**Requirement:** With the images removed, transcribe the listing that follows exactly.

**The data:**
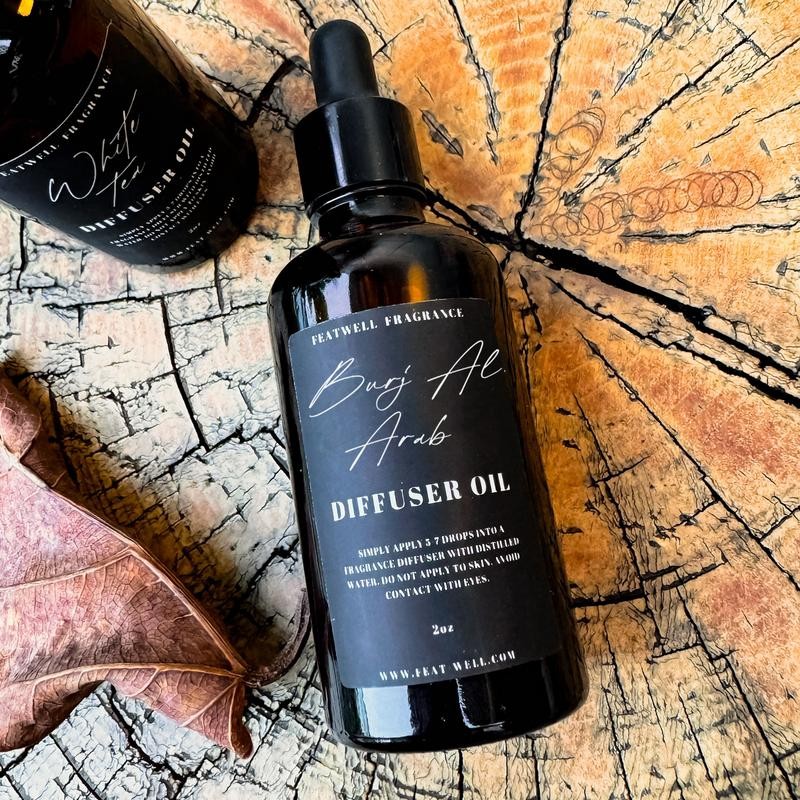 Alluring Scented Oil for Home - Diffuser Oil - Essential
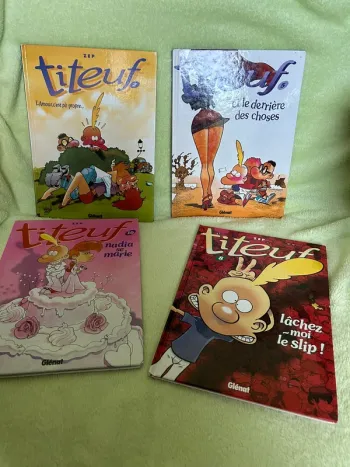 Bd titeuf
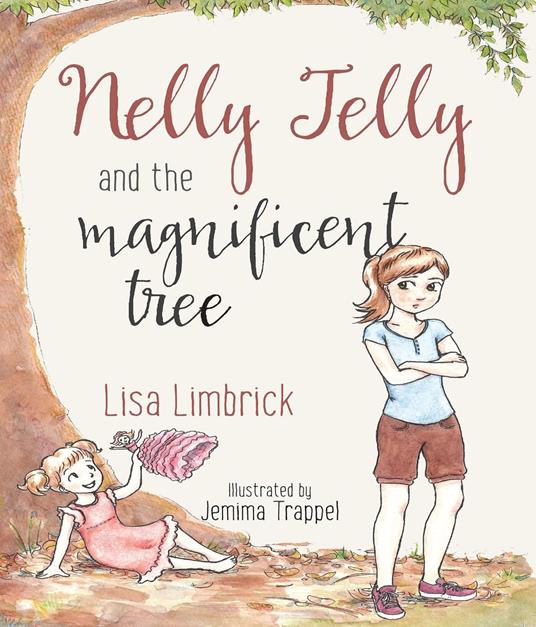 Nelly Jelly and the Magnificent Tree - LIsa Limbrick,Jemima Trappel - ebook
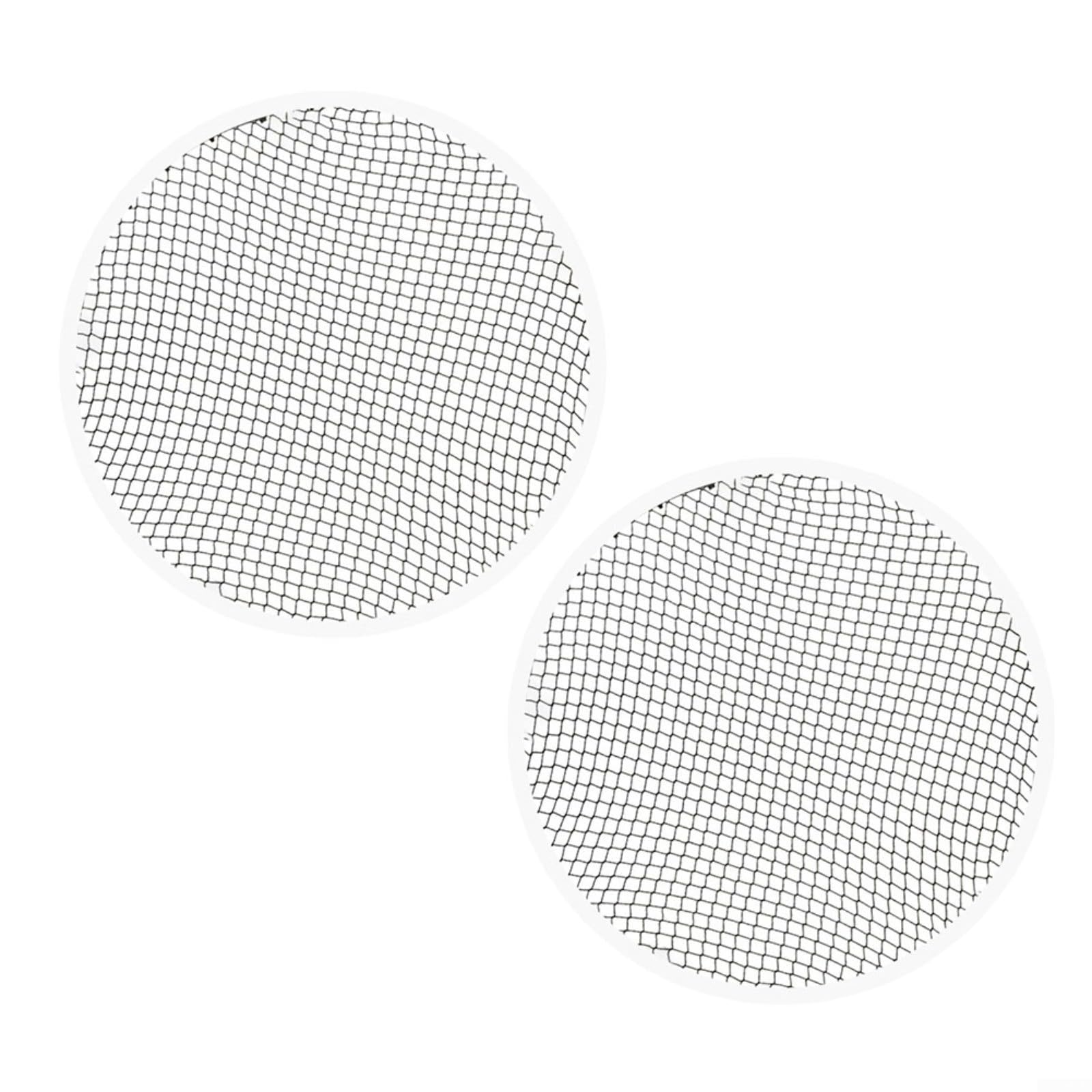 2 pezzi Roundnet gioco di palla, per spike Ball, rete di ricambio, attrezzatura da allenamento, per interni, sport, pallavolo, 1 x 1 m, per giardino, spiaggia, parco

**Response to the task:**
 Alluring Scented Oil for Home - Diffuser Oil - Essential
 Bd titeuf
 Nelly Jelly and the Magnificent Tree - LIsa Limbrick,Jemima Trappel - ebook
 2 pezzi Roundnet gioco di palla, per spike Ball, rete di ricambio, attrezzatura da allenamento, per interni, sport, pallavolo, 1 x 1 m, per giardino, spiaggia, parco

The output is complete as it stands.